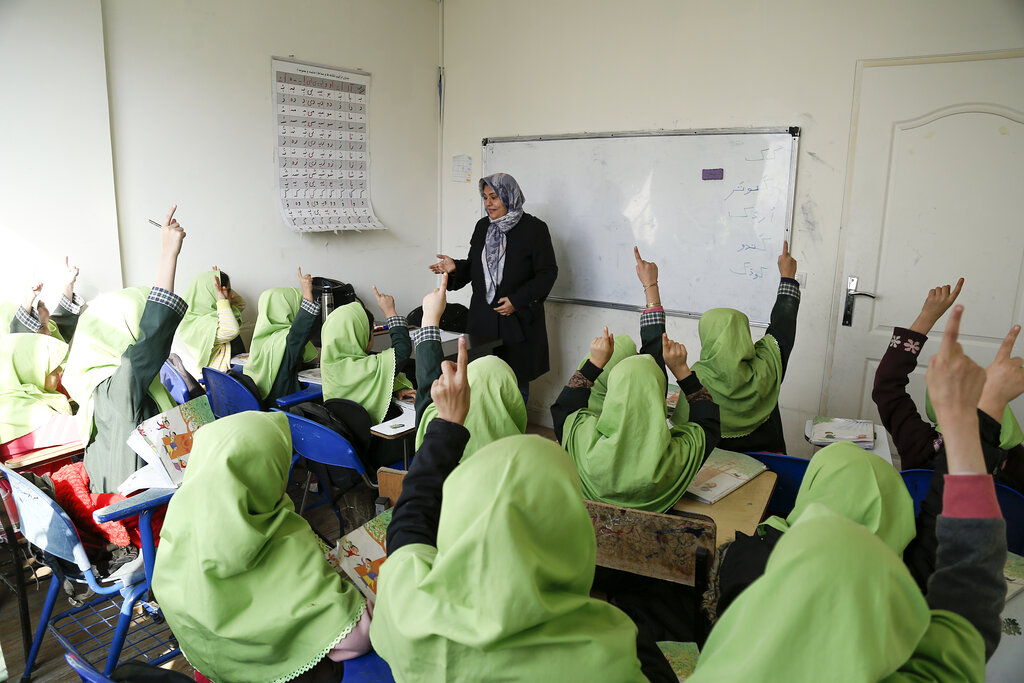از خیریه‌های لندن تا چهارراه‌های تهران  | آموزش آداب اجتماعی به کودکان کار 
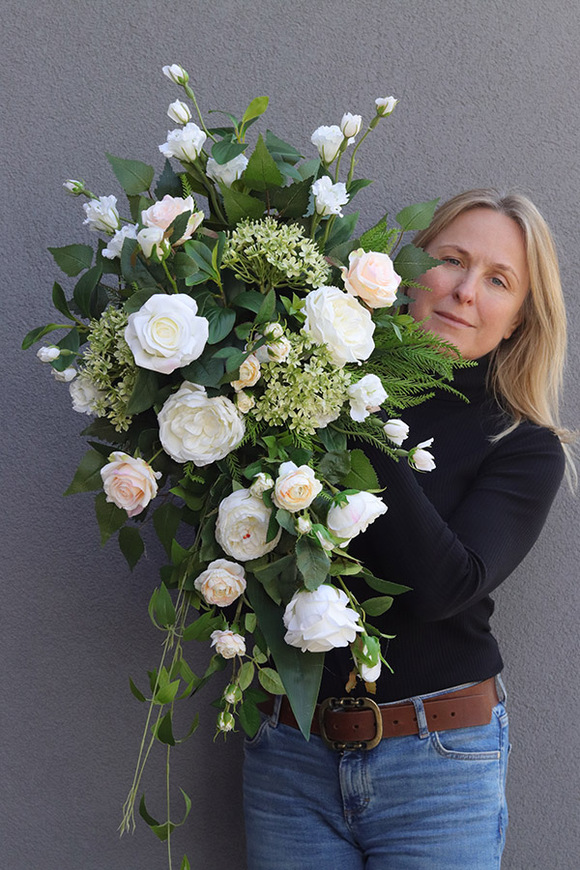 Weiss 2, dekoracja nagrobna w misie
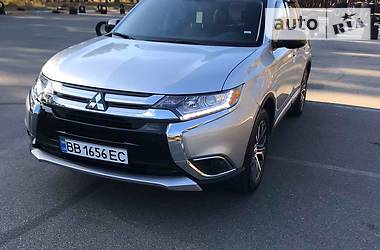 Внедорожник / Кроссовер Mitsubishi Outlander 2018 в Киеве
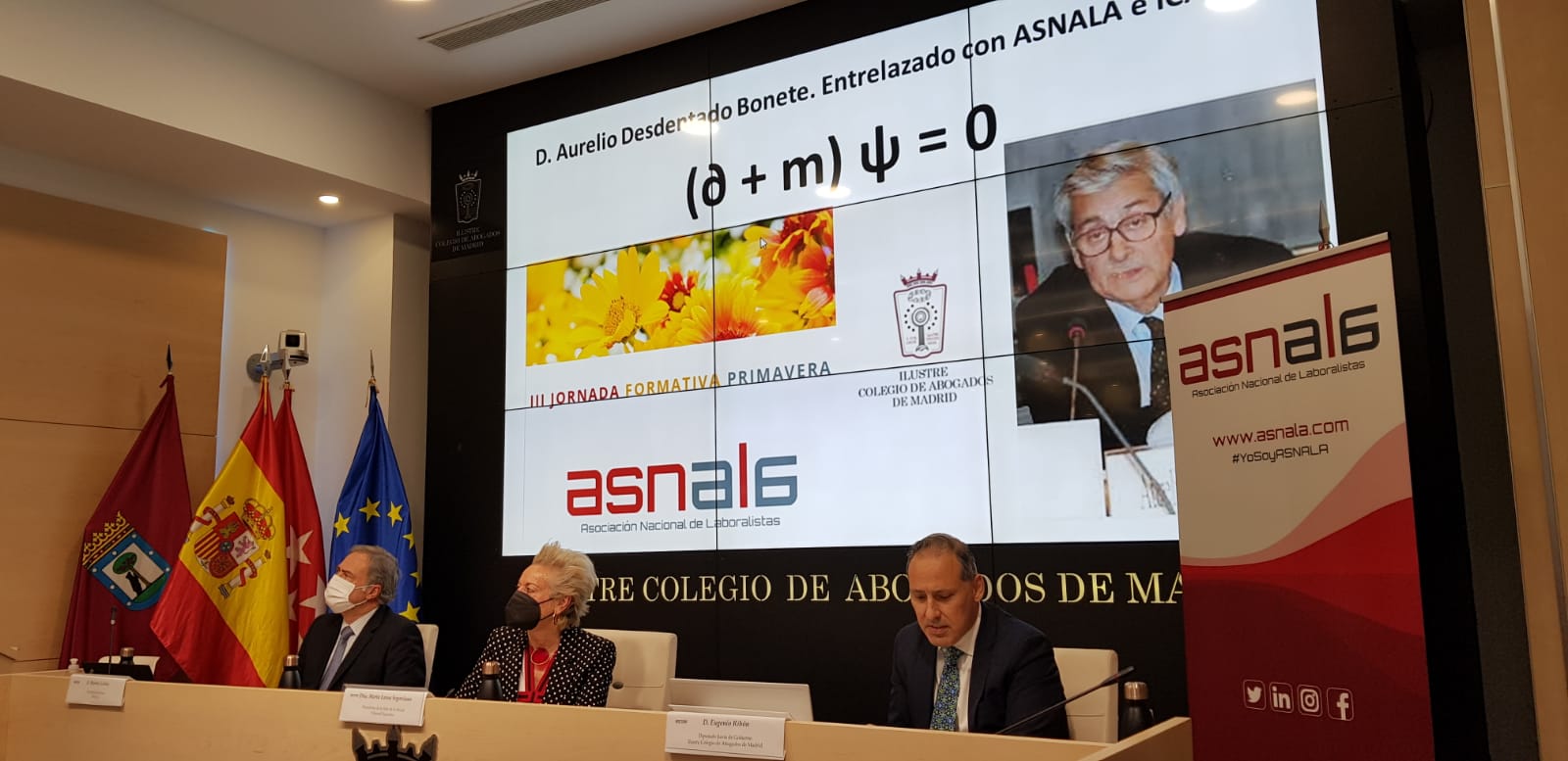 El homenaje a D. Aurelio Desdentado fue realizado por Eugenio Ribón, diputado del ICAM, María Luisa Segoviano, presidenta de la Sala de lo Social del Tribunal Supremo, y Martín Godino, presidente de honor de ASNALA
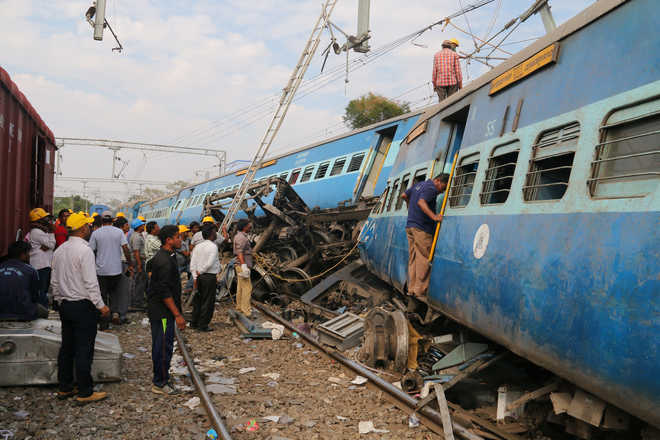 36 killed as train derails in Andhra Pradesh
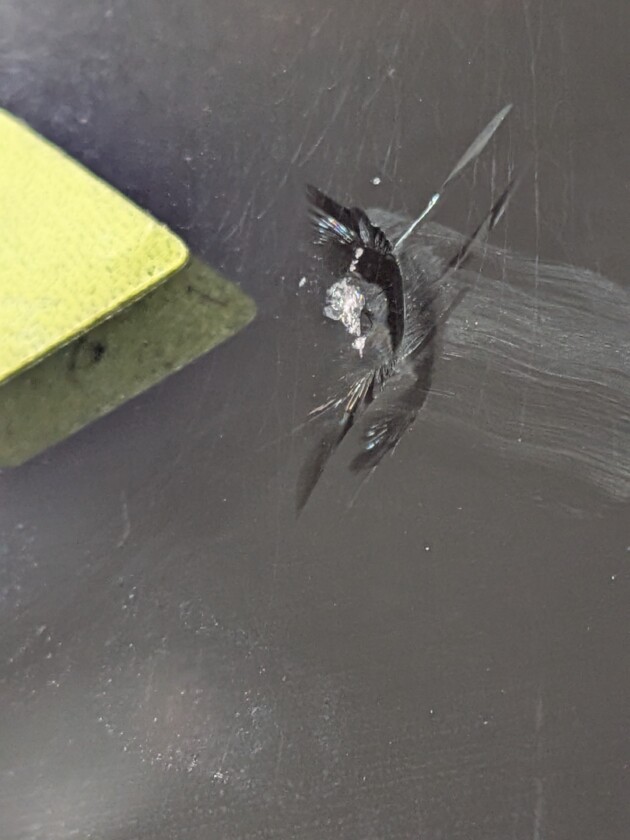 レネゲード1.6cmのひび割れ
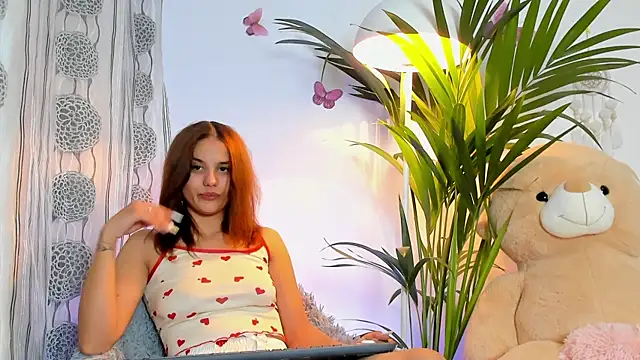 Snapshot of ScarlettVelour chatting on 27, 10, 2025 ScarlettVelour online show from 27, 10, 2025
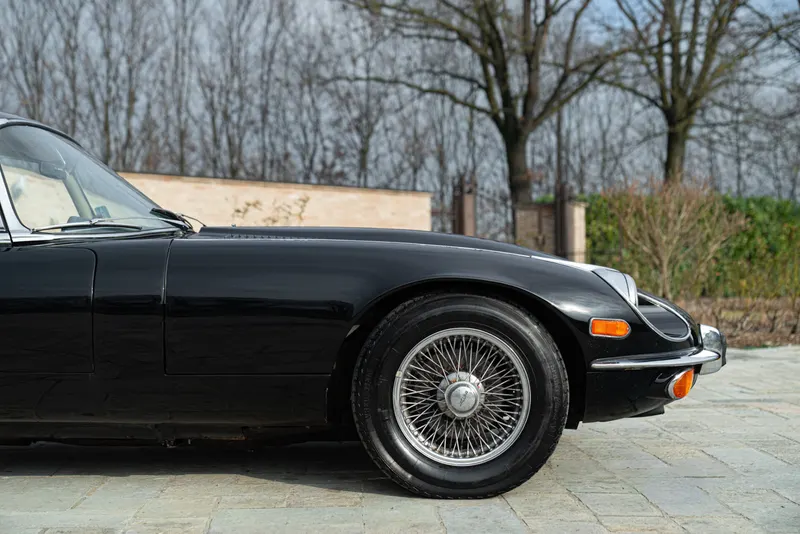 Jaguar E-TYPE COUPE 5.3 V12 23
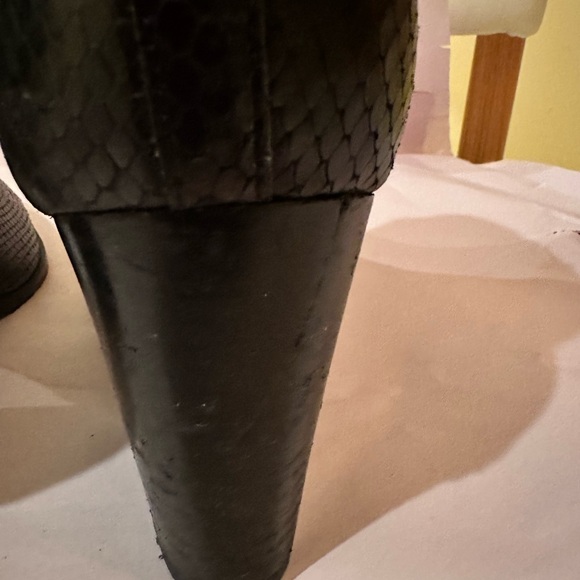 Marc Fisher size 10M booties black - Picture 3 of 5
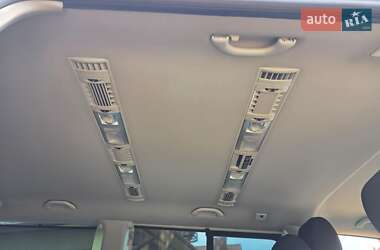 Минивэн Volkswagen Multivan 2016 в 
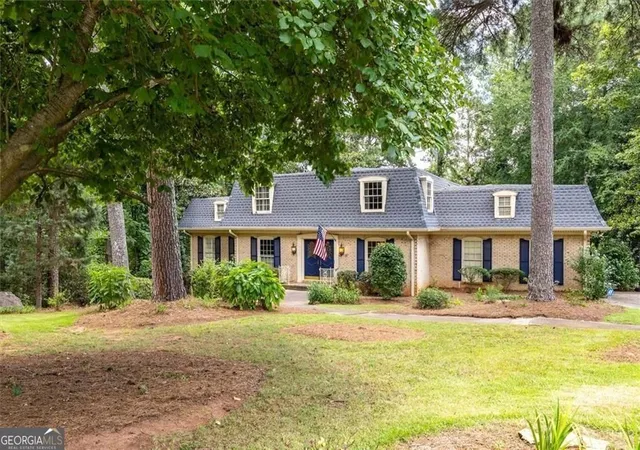 4th image of 2123 Mountain Creek Dr, Stone Mountain, GA 30087 | MLS# 10819559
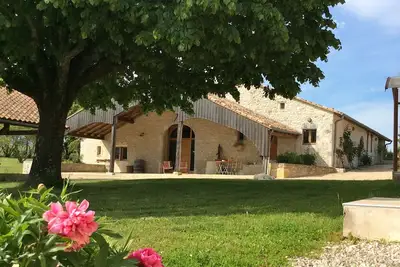 Image de Proche Monbazillac gîte de charme parc de 3ha  piscine chauffée grange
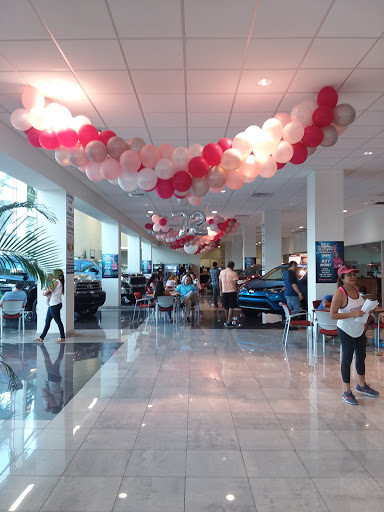 Toyota Dealer «AutoNation Toyota Weston», reviews and photos, 4050 Weston Rd, Davie, FL 33331, USA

-------------------------

• _Task description_:
Copy each entry exactly as written, and drop the pictures from the copy.

• _Output for this exercise_:
از خیریه‌های لندن تا چهارراه‌های تهران  | آموزش آداب اجتماعی به کودکان کار 
 Weiss 2, dekoracja nagrobna w misie
 Внедорожник / Кроссовер Mitsubishi Outlander 2018 в Киеве
 El homenaje a D. Aurelio Desdentado fue realizado por Eugenio Ribón, diputado del ICAM, María Luisa Segoviano, presidenta de la Sala de lo Social del Tribunal Supremo, y Martín Godino, presidente de honor de ASNALA
 36 killed as train derails in Andhra Pradesh
 レネゲード1.6cmのひび割れ
 Snapshot of ScarlettVelour chatting on 27, 10, 2025 ScarlettVelour online show from 27, 10, 2025
 Jaguar E-TYPE COUPE 5.3 V12 23
 Marc Fisher size 10M booties black - Picture 3 of 5
 Минивэн Volkswagen Multivan 2016 в 
 4th image of 2123 Mountain Creek Dr, Stone Mountain, GA 30087 | MLS# 10819559
 Image de Proche Monbazillac gîte de charme parc de 3ha  piscine chauffée grange
 Toyota Dealer «AutoNation Toyota Weston», reviews and photos, 4050 Weston Rd, Davie, FL 33331, USA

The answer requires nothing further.